Foreign Policy Watch: India-United States

A U.S. strategy only meant to isolate China

Note4Students

From UPSC perspective, the following things are important :

Prelims level: Not much.

Mains level: Paper 2-Balancing India's interests in the light of US's strategy to contain China in the Pacific.

Context

Since 2017, the United States government has released a few reports and fact sheets on its new Indo-Pacific strategy. Buried in these documents is a much deeper agenda of the U.S. government: to use three large Asian states — Australia, India, and Japan — to isolate China. There is nothing else to it.

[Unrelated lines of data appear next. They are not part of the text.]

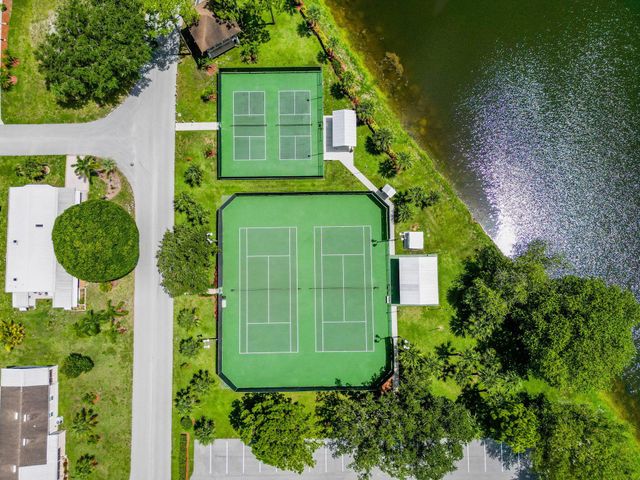14381 Amapola Circle, Fort Pierce, FL 34951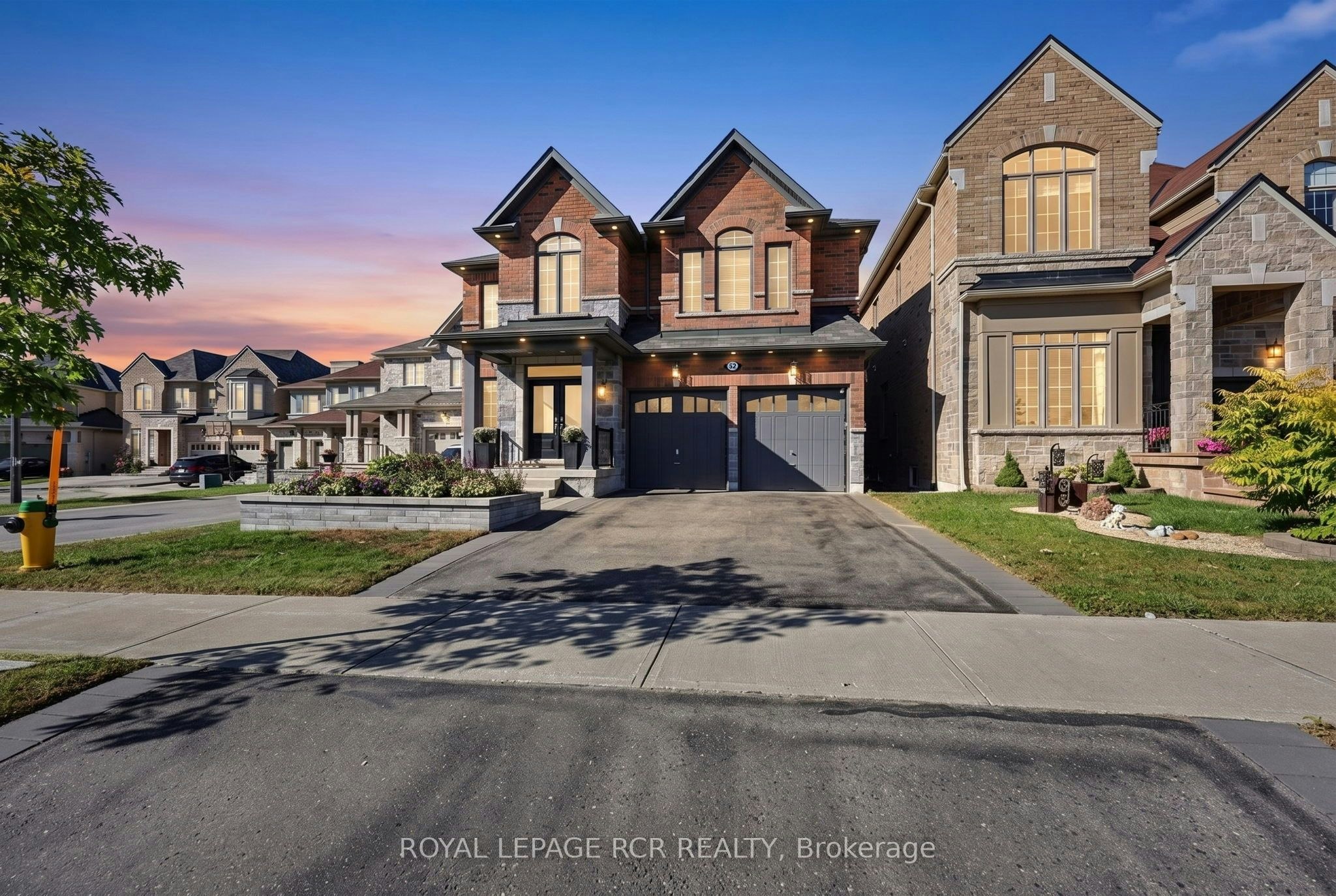 52 Hackett Street, East Gwillimbury, ON, L9N 0P8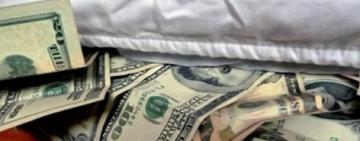 Argentina flexibiliza uso de dólares no declarados para atraer divisas y reactivar la economía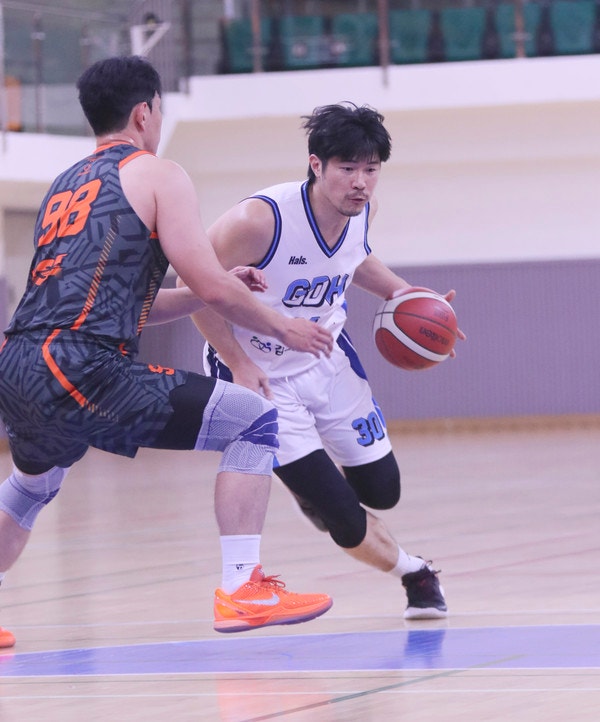 치열한 순위 경쟁 앞둔 김포시농구협회장배 컵대회, 2차대회에는 초등부 꿈나무들도 참여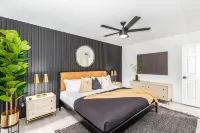 에이스 익스피리언스, 2개의 마스터룸, 온수 수영장, 온수 욕조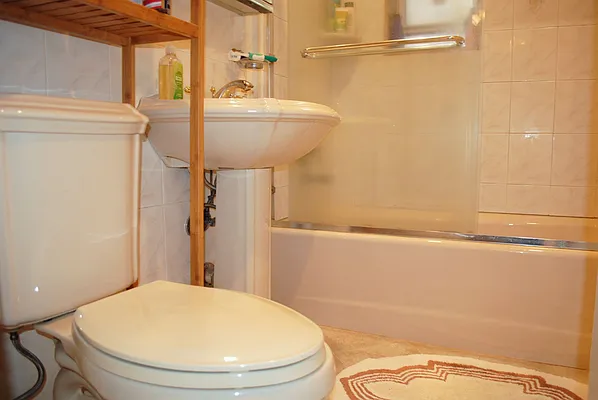 Sold by Landmarc Group | media 49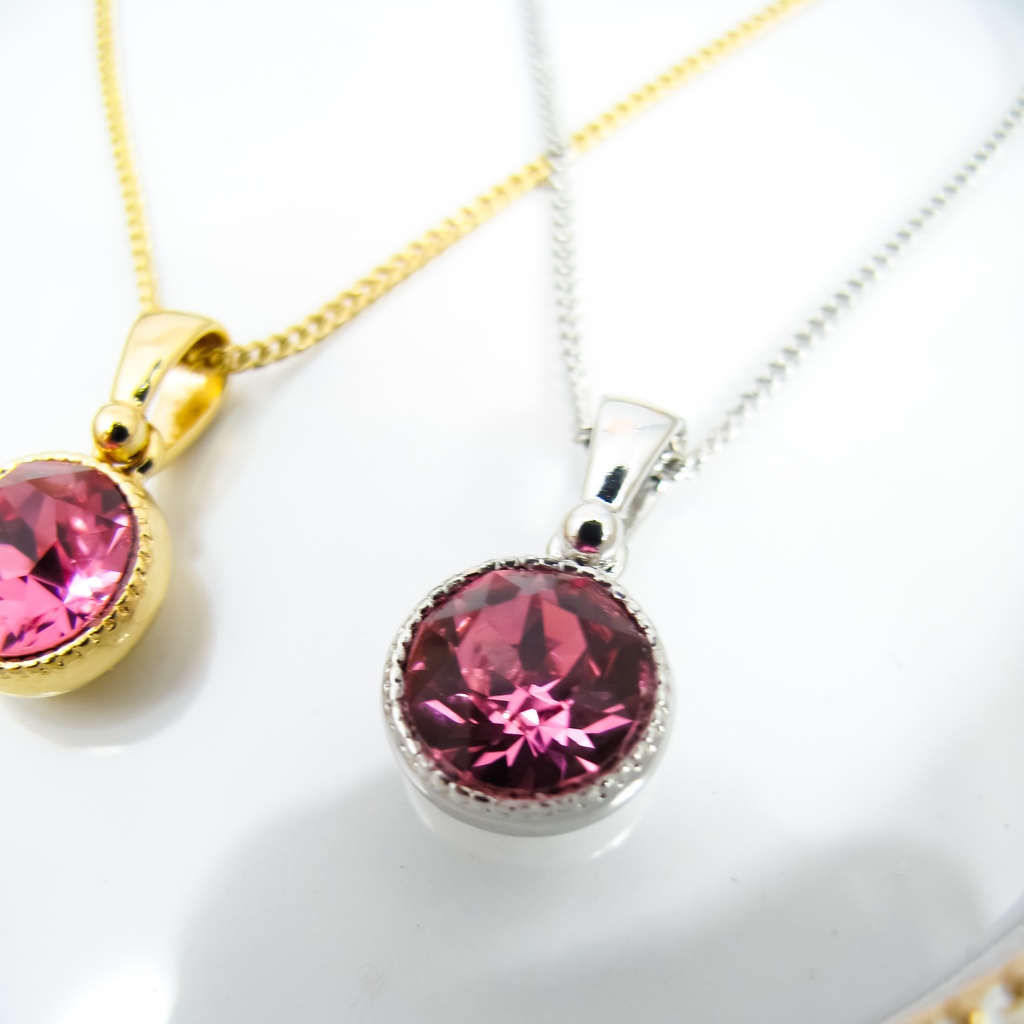 *シンプルなまるいクリスタルガラスのネックレス ローズ* 金具の色が選べます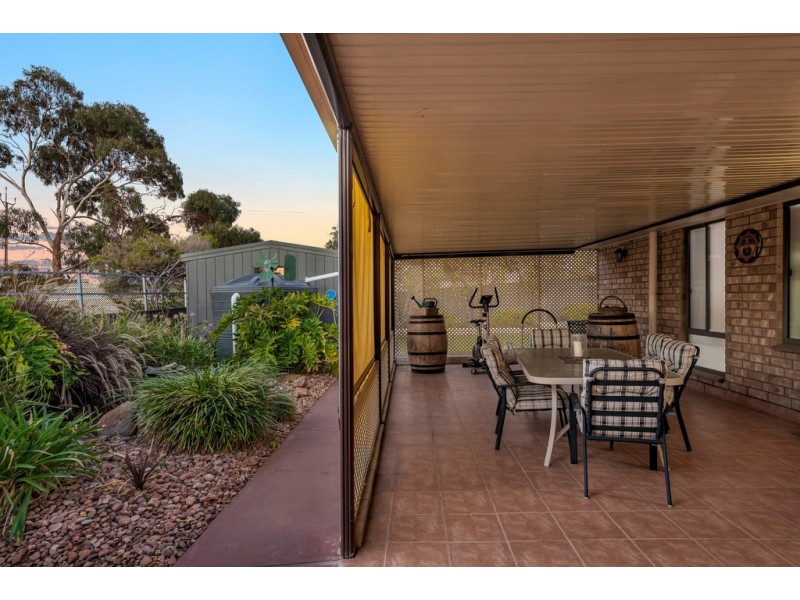 8 Fishcombe Court, Moana SA 5169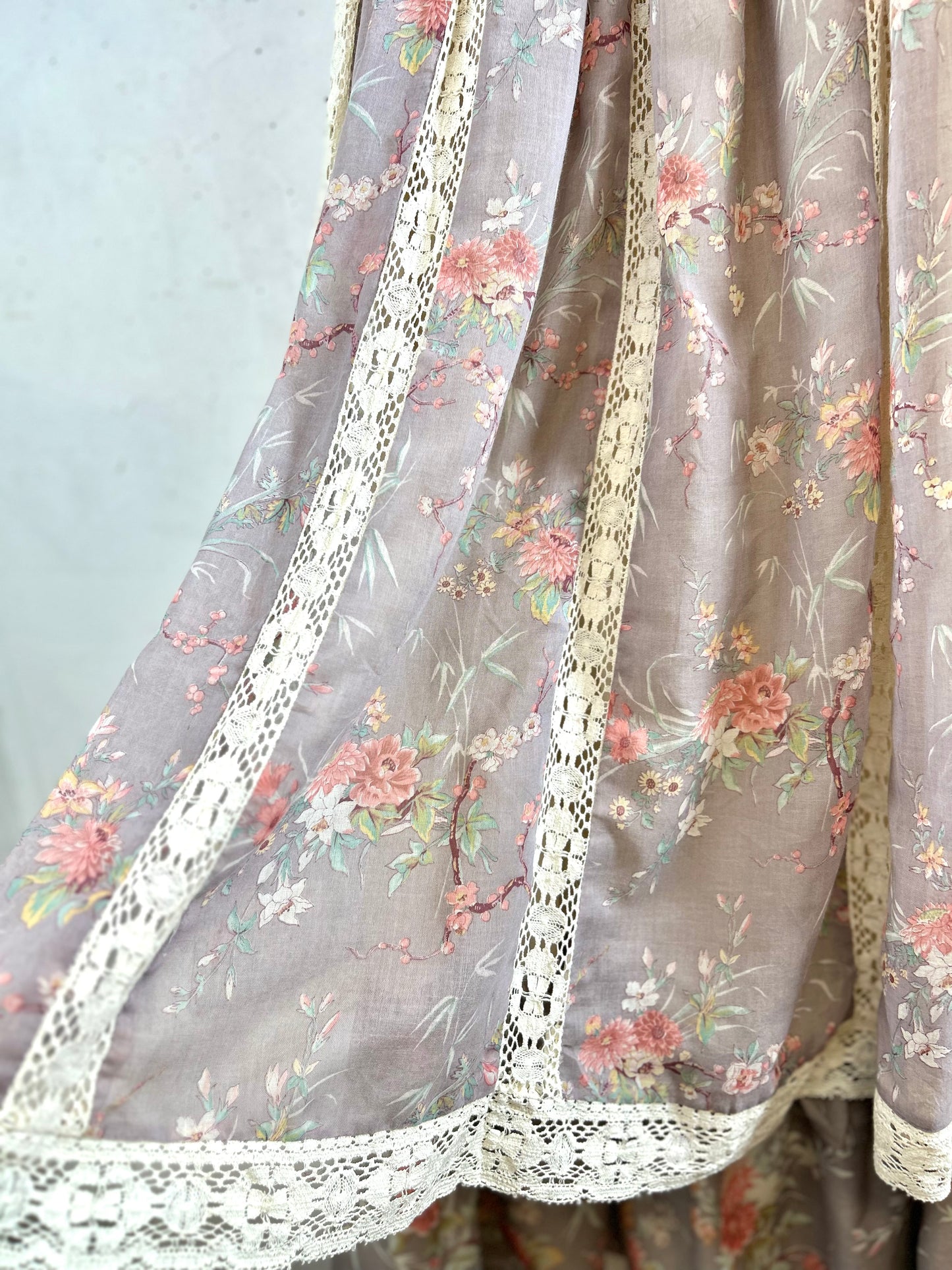 '70s Vintage Tiered Skirt [D30032]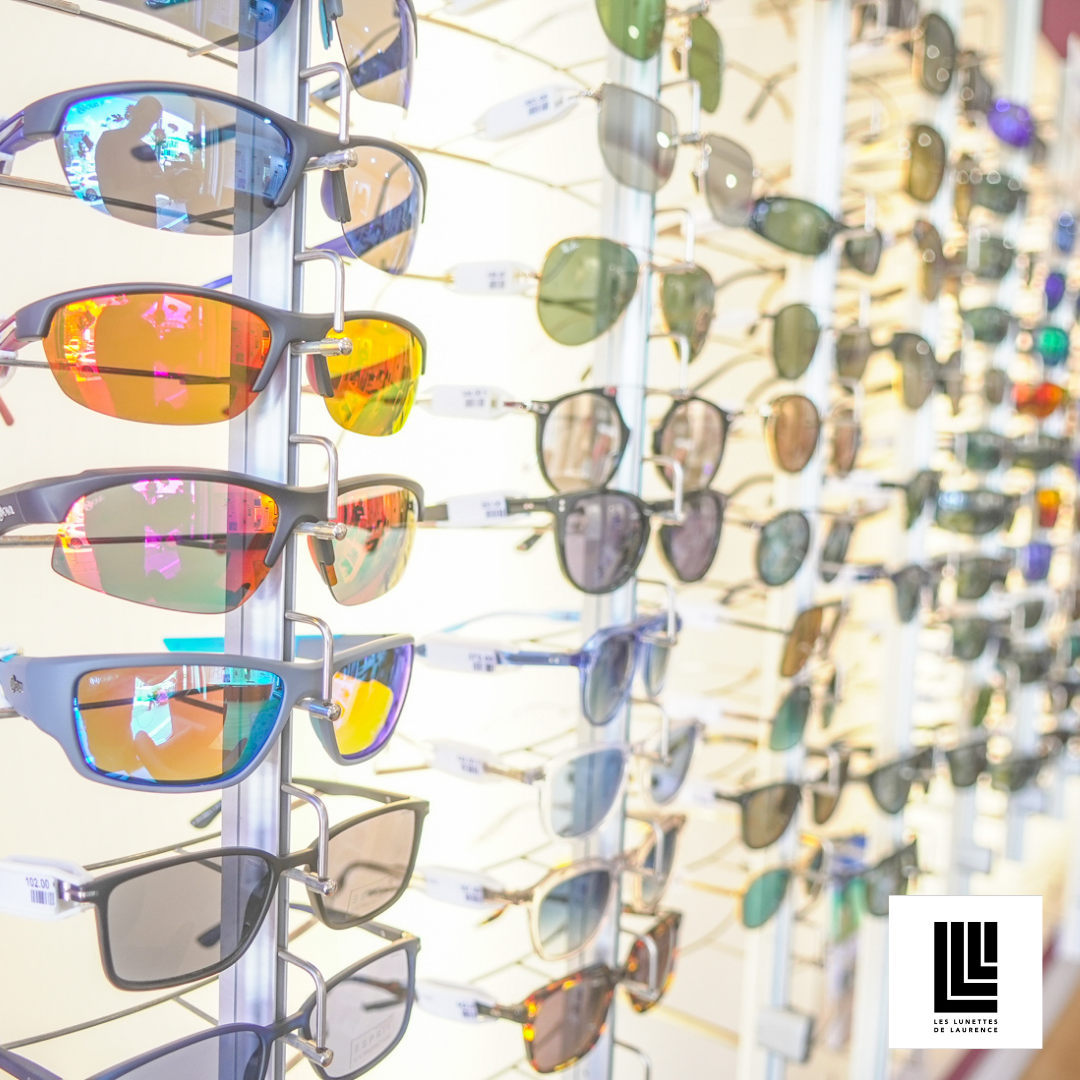 Publicité - opticiens Facebook ad: Cet opticien indépendant vous propose plusieurs services…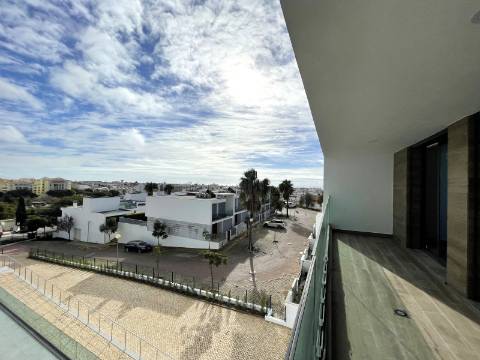 Apartamento T2 R/C (D)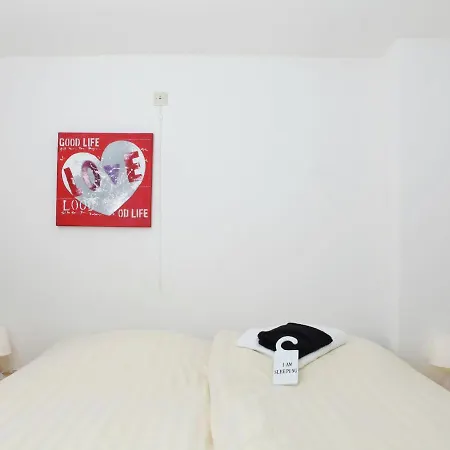 Comfortable Holiday In With Fenced Garden Holiday home Eckelrade
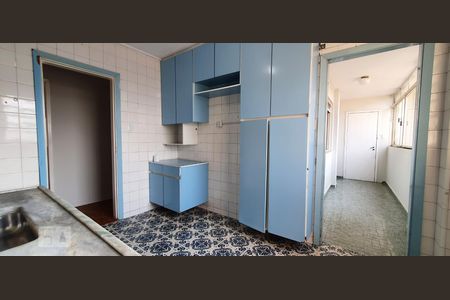 Cozinha de apartamento para alugar com 3 quartos, 90m² em Água Branca, São Paulo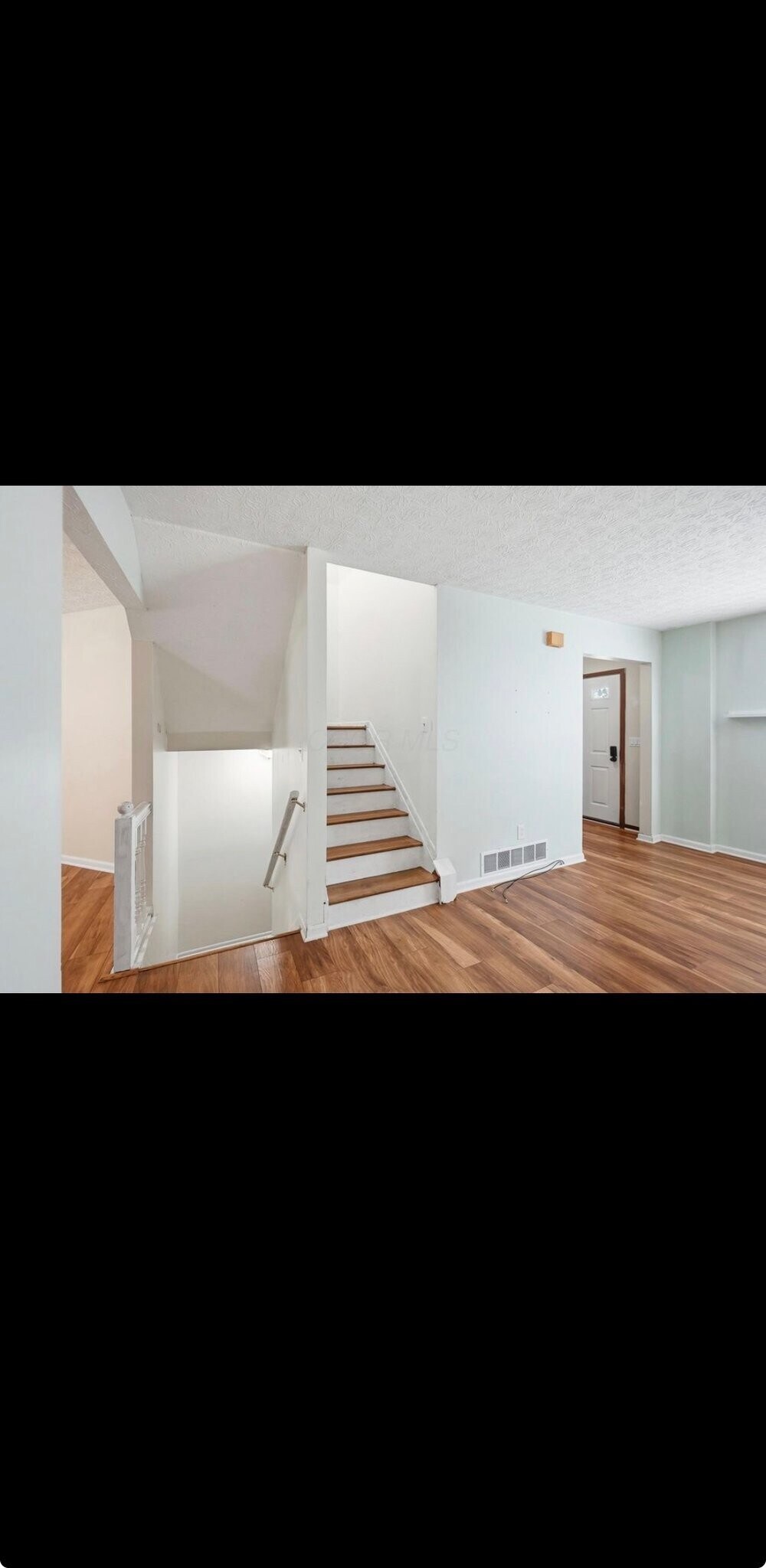 Building Photo - 46 Ravine Ridge Dr S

The scale of BRI and the US objections

  • Objections to BRI: The U.S. government has made it clear that what it finds most objectionable is China’s Belt and Road Initiative (BRI), which has signed on more than 70 countries in the world.
  • What BRI aims to achieve? Adopted in 2013, the BRI is intended as a mechanism to-
    • Development of new markets: BRI aims to end China’s reliance upon the markets of the West and to develop new markets in other continents.
    • Building infra: It is also intended to use China’s massive surpluses to build infrastructure in key parts of Africa, Asia, and Latin America.
    • Investment of $ 1.3 trillion: By 2027, according to estimates by Morgan Stanley, China will spend about $1.3 trillion on this ambitious construction project.
    • Involvement of Saudi Arabia: Even Saudi Arabia, a close ally of the U.S., has made the BRI one of the cornerstones of its Saudi Vision 2030 plan.
  • Involvement of Pakistan: While China has invested $68 billion to build the China-Pakistan Economic Corridor from Xinjiang to Pakistan’s Gwadar Port.
    • Saudi Arabia has agreed to invest $10 billion in the port itself.

Significance of the BRI and comparison with the US spending

  • Staggering scale and participation: The scale of Chinese investment, and the participation of a range of countries with different political identities in the BRI, is staggering.
  • Loss of appetite in the US to spend: At the Indo-Pacific Business Forum in July 2018 the U.S. said that it has spent $2.9 billion through the Department of State and the USAID (United States Agency for International Development).
    • It has lined up hundreds of millions of dollars more through its U.S. Millennium Challenge Corporation (MCC) and the Overseas Private Investment Corporation.
    • Inadequate US spending: If one adds up all the money that the U.S. intends to spend for economic projects, it is still a fraction of the amount spent by China.
    • ‘America First’ attitude: There is no appetite in Washington, D.C., with its ‘America First’ attitude, to funnel more money towards investments in the region currently being built by the BRI.

Military Claims of the US and investment

  • US investment with military presence: It appears as if U.S. investments will come only with military claims.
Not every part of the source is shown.